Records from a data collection
※

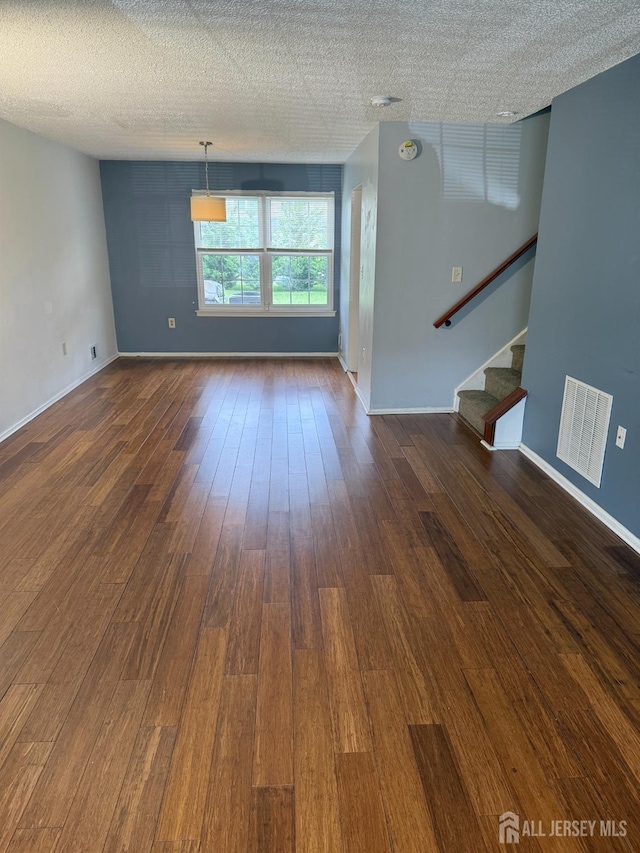 425 Northam Dr, North Brunswick, NJ 08902 - empty room with dark wood-style floors, stairs, and a textured ceiling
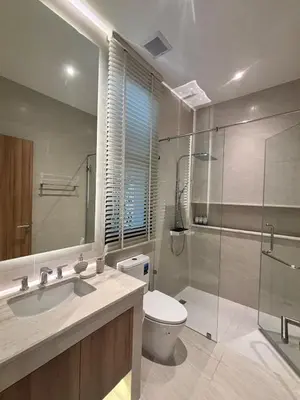 a bathroom with a toilet and a glass shower at Lili House Phuket in Ban Na Nai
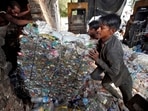 Workers push a bundle of crushed plastic bottles at a recycling factory in Ahmedabad, India.(REUTERS File)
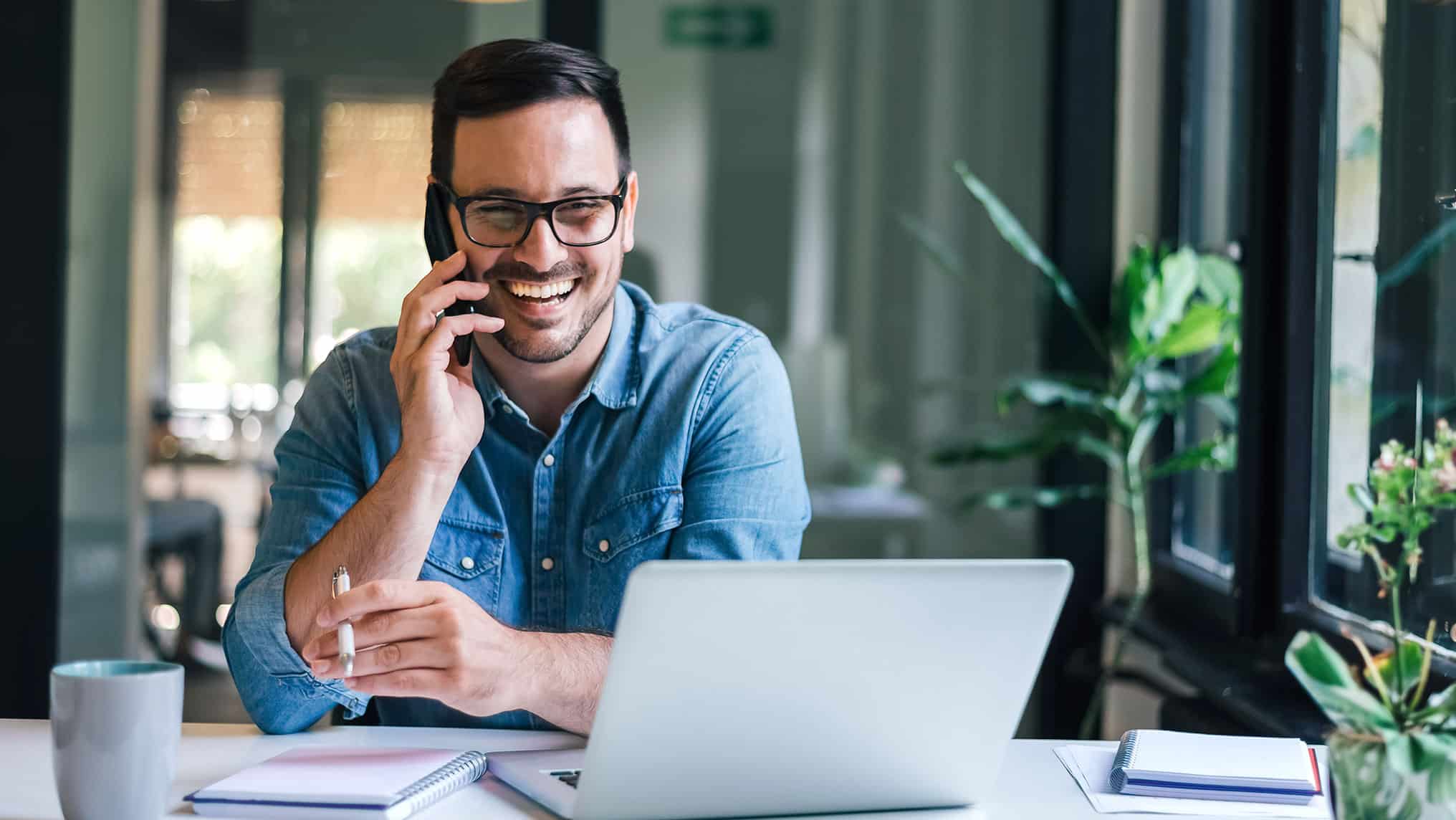 Smiling man in office working on phone and lapop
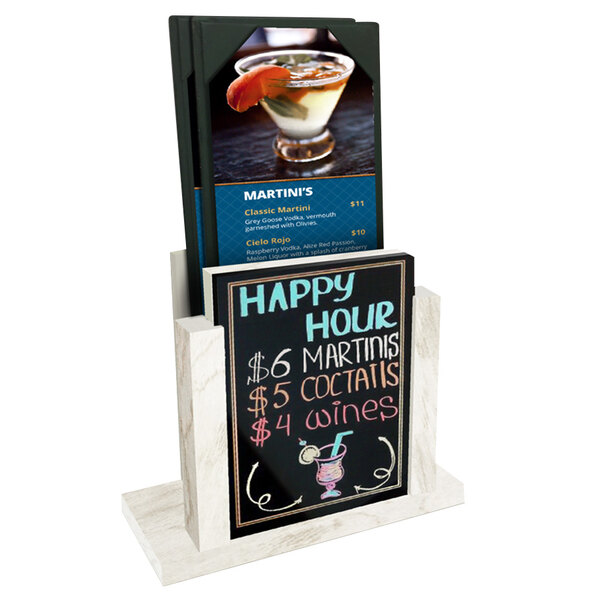 A white wash wood menu holder with a wet erase board insert holding a menu on a counter in a cocktail bar.
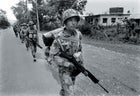 Royal Nepalese Army regulars patrol the highway between Kathmandu and Rolpa.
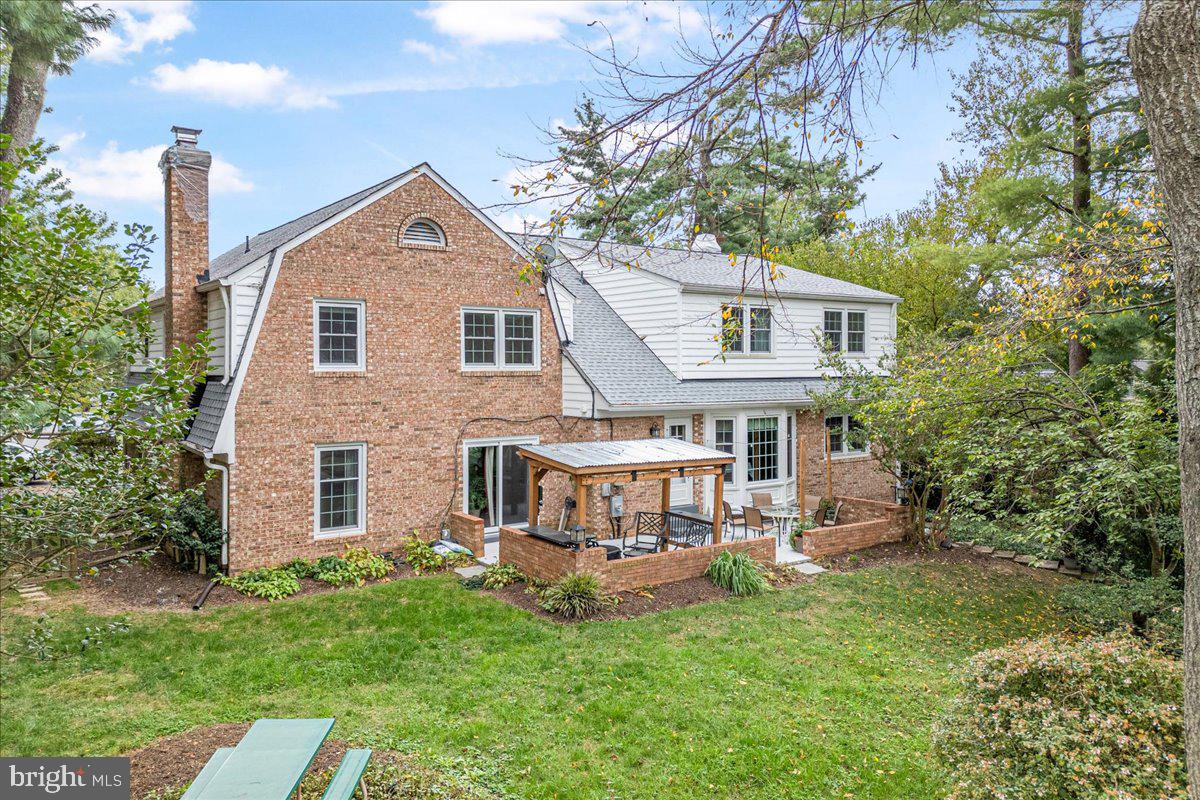 9809 Canal Road Gaithersburg, MD 20886 - Photo 45 of 50 a view of a house with a yard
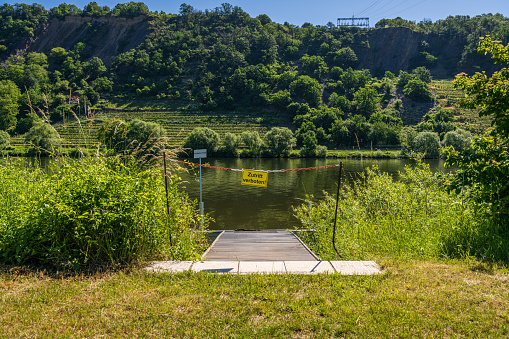 Sign: No entry, with the Moselle River in the background, seen in Coblenz-Guels, Rhineland-Palatine, Germany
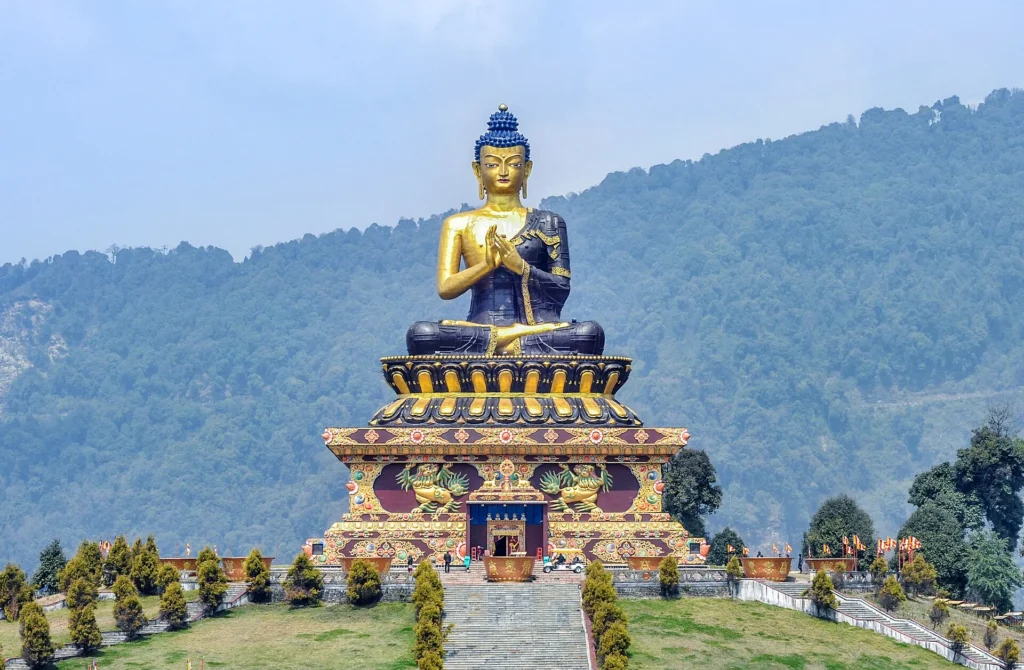 The majestic Buddha statue at Ravangla Buddha Park surrounded by manicured gardens, prayer flags, and Himalayan landscapes, showcasing one of the best Places to Visit in Sikkim for nature and spirituality seekers.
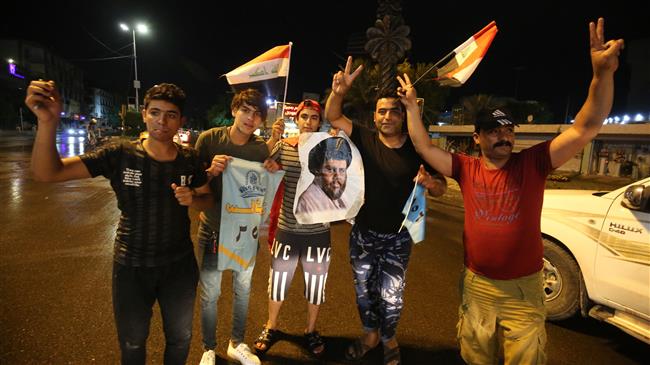 Iraqi men celebrate during the general election in Baghdad on May 14, 2018. (Photo by AFP)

※

- **What the task requires**:
A word-for-word reproduction is needed of the lines above from the line containing "Smiling man in" through the line containing "The majestic Buddha", with both ends kept and no pictures.

- **Exercise output**:
 Smiling man in office working on phone and lapop
 A white wash wood menu holder with a wet erase board insert holding a menu on a counter in a cocktail bar.
 Royal Nepalese Army regulars patrol the highway between Kathmandu and Rolpa.
 9809 Canal Road Gaithersburg, MD 20886 - Photo 45 of 50 a view of a house with a yard
 Sign: No entry, with the Moselle River in the background, seen in Coblenz-Guels, Rhineland-Palatine, Germany
 The majestic Buddha statue at Ravangla Buddha Park surrounded by manicured gardens, prayer flags, and Himalayan landscapes, showcasing one of the best Places to Visit in Sikkim for nature and spirituality seekers.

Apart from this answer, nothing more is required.